◆ DIRECTIONS
Set down every record below exactly as it stands, leaving out the pictures.

=-=-=

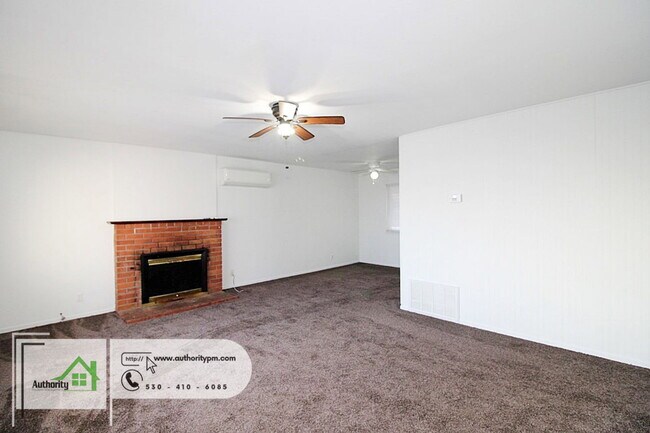 Building Photo - 3120 Stingy Ln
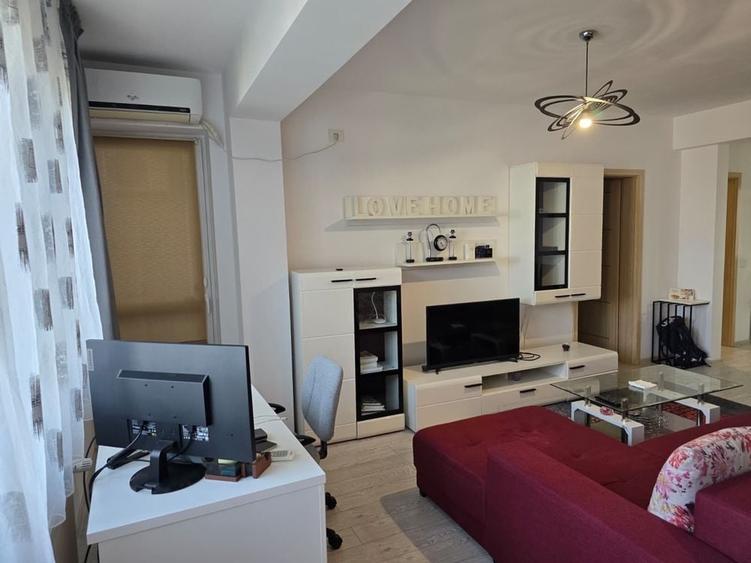 Apartament cu 2 camere decomandat în Central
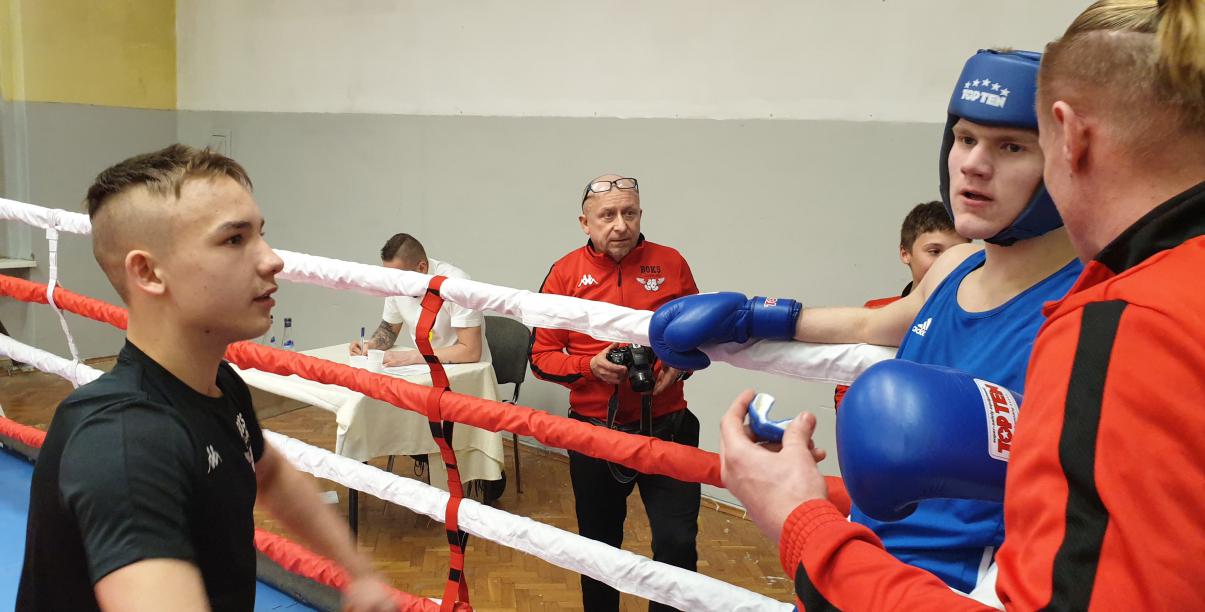 Zawodnik z trenerami podczas przerwy w narożniku ringu
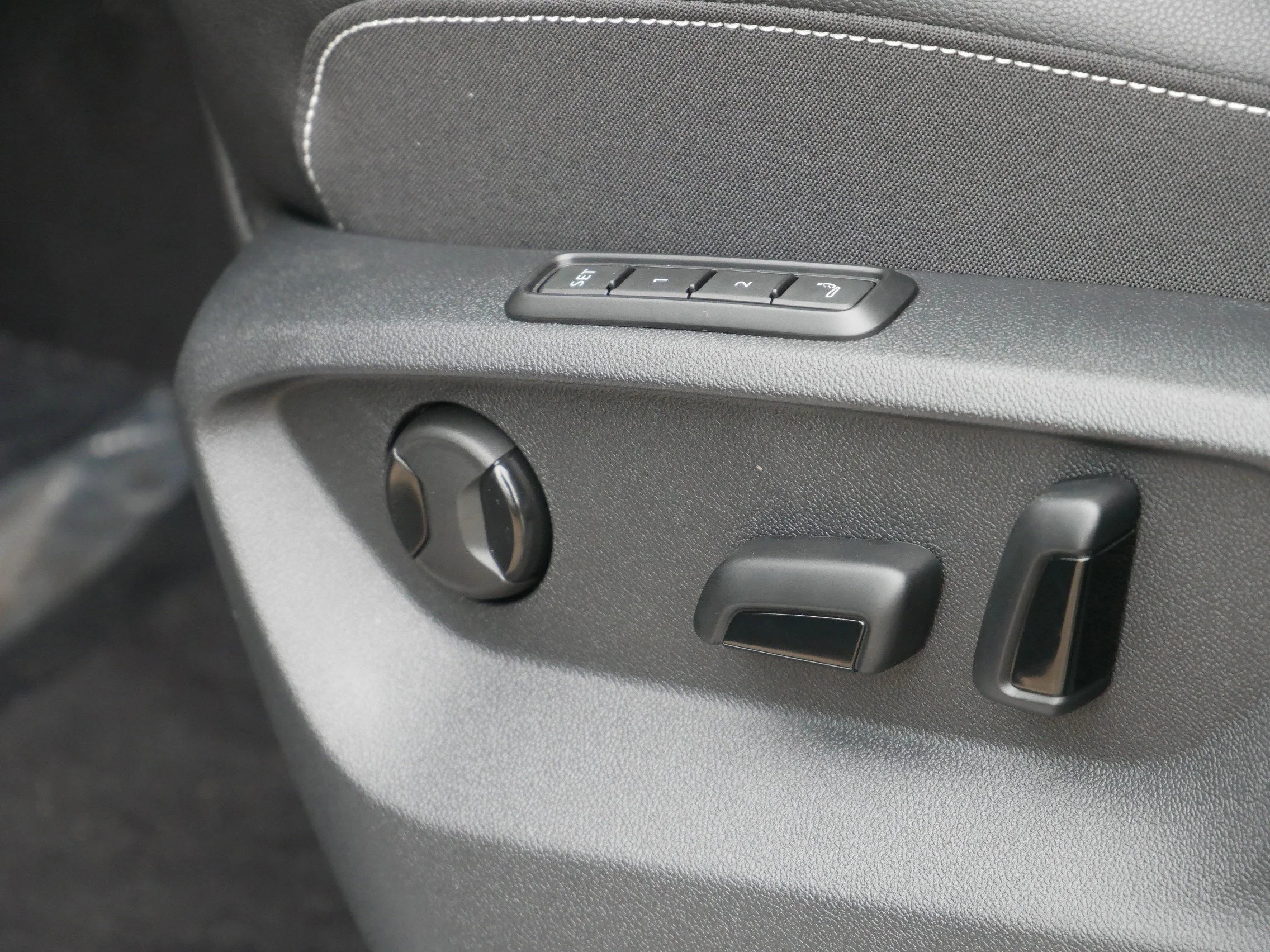 New 2026 Pure Gray Volkswagen 2.0T SEL Premium R-Line image 5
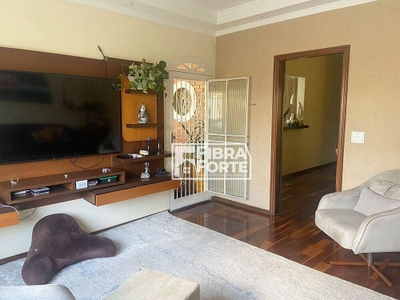 Casa, 3 quartos, 179 m² - Foto 4
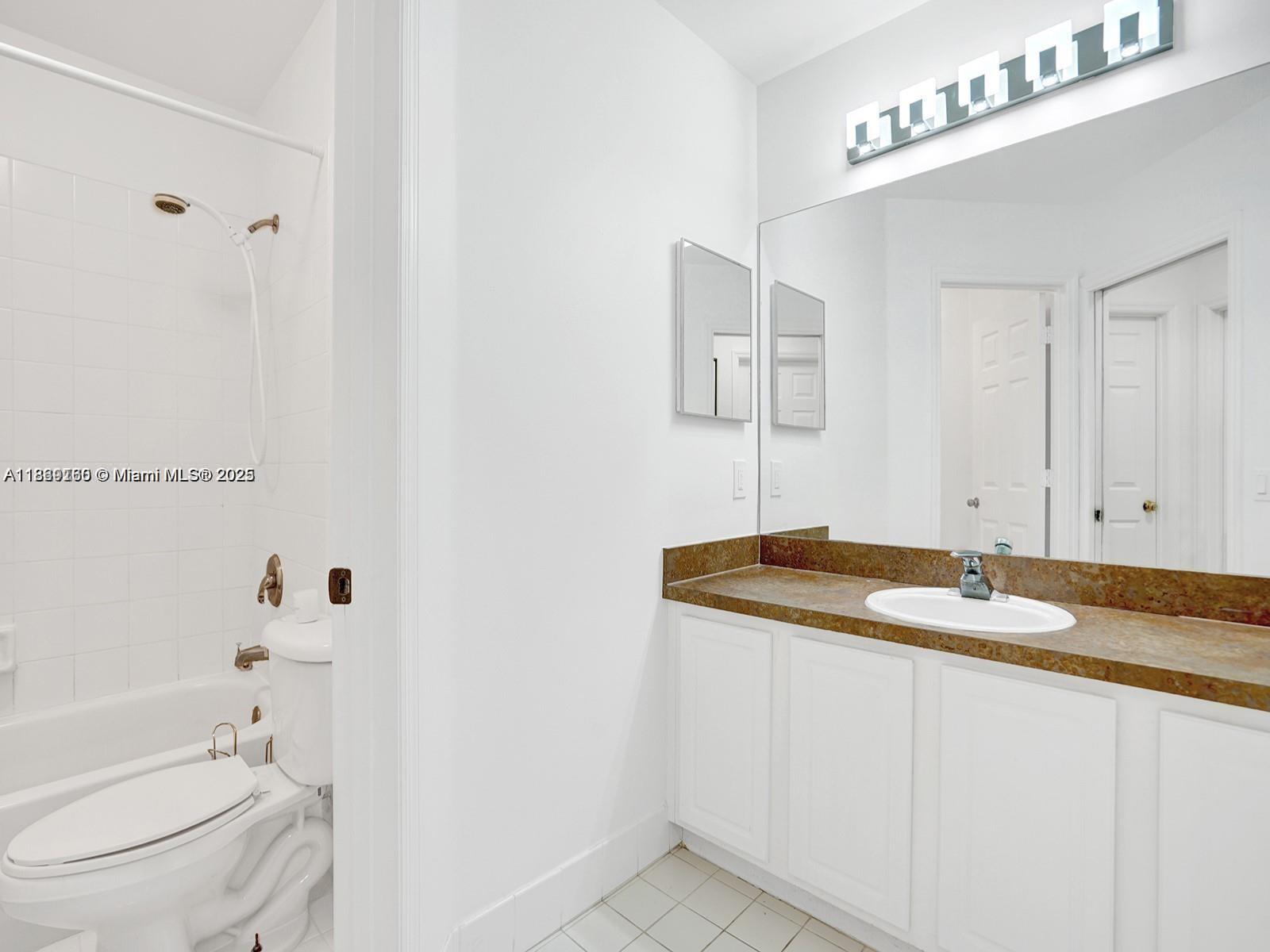 THE RESERVE AT DORAL - Residential Lease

=-=-=

◆ ANSWER SECTION
 Building Photo - 3120 Stingy Ln
 Apartament cu 2 camere decomandat în Central
 Zawodnik z trenerami podczas przerwy w narożniku ringu
 New 2026 Pure Gray Volkswagen 2.0T SEL Premium R-Line image 5
 Casa, 3 quartos, 179 m² - Foto 4
 THE RESERVE AT DORAL - Residential Lease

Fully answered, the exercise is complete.